We have a Scheduler for, scheduling workloads in the different nodes. There is also the API Server, that is used to administer Kubernetes, and then we also have Etcd.

Etcd is a simple database for Kubernetes to store configuration stored as key-value pairs and all of this, is inside the Control Plane.

And then we have the Worker Nodes.

The way a Kubernetes cluster works is, that in each worker node there’s a Kubelet.

A Kubelet is a component that receives instructions from the API server.

It facilitates communication between the API server and the worker nodes.

In Azure, all the worker nodes are inside a VNET.

So let’s draw that okay?

So now we have a VNET here.

Let’s just randomly select an IP address range for the VNET. I’m going to pretend that I’ve configured my VNET with 10.0.0.0 with a CIDR of, let’s say /20. This gives us around 4000 IP addresses.

I’m going to assign now an IP address to each node.

Now we have three IP addresses assigned. You’ll notice that the Control Plane is not inside the VNET.

This is because, in Azure, we don’t manage the Control Plane. The Control Plane is managed by Azure and runs in its own virtual network.

The question is, how does the Control Plane connect to these nodes?

In a Standard AKS cluster, there is a Public IP address for the Control Plane.

I’m also going to create a random public IP address for the public API endpoint as an example.

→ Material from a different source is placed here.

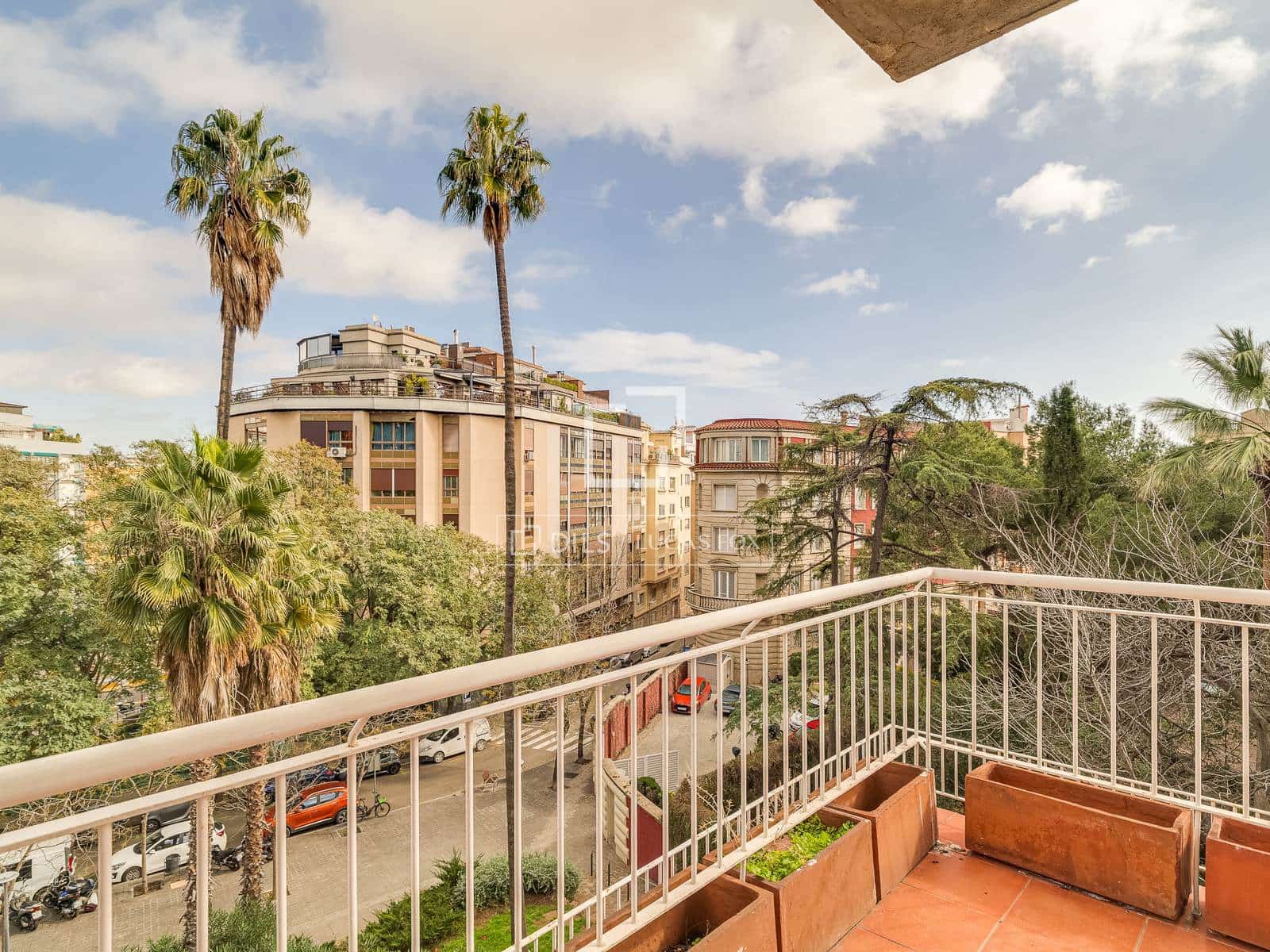 6 bedroom Apartment for sale in Barcelona city with garage - € 2,490,000 (Ref: 9618444)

So it’s a public endpoint. It’s important to note that these nodes here are regular VMs.

But these VMS do not have a public IP address. They only have an IP address defined within the VNET.

This means that we can’t access these VMS from outside the VNET in a regular fashion.

So there is no way for the AKS Control Plane to connect directly to the Kubelet in each worker node. Because the Kubelet’s are running inside Worker Nodes as pods and since the nodes only have a private IP address, the Kubelets will not be reachable from outside the VNET. That is, without resorting to a load balancer or some other trick. Which is exactly what we are going to talk about.

The Worker Nodes are managed by the Customer. And the Control plane is managed by Azure.

A Standard AKS Cluster is by default more secure than a standard cluster in Google GKE.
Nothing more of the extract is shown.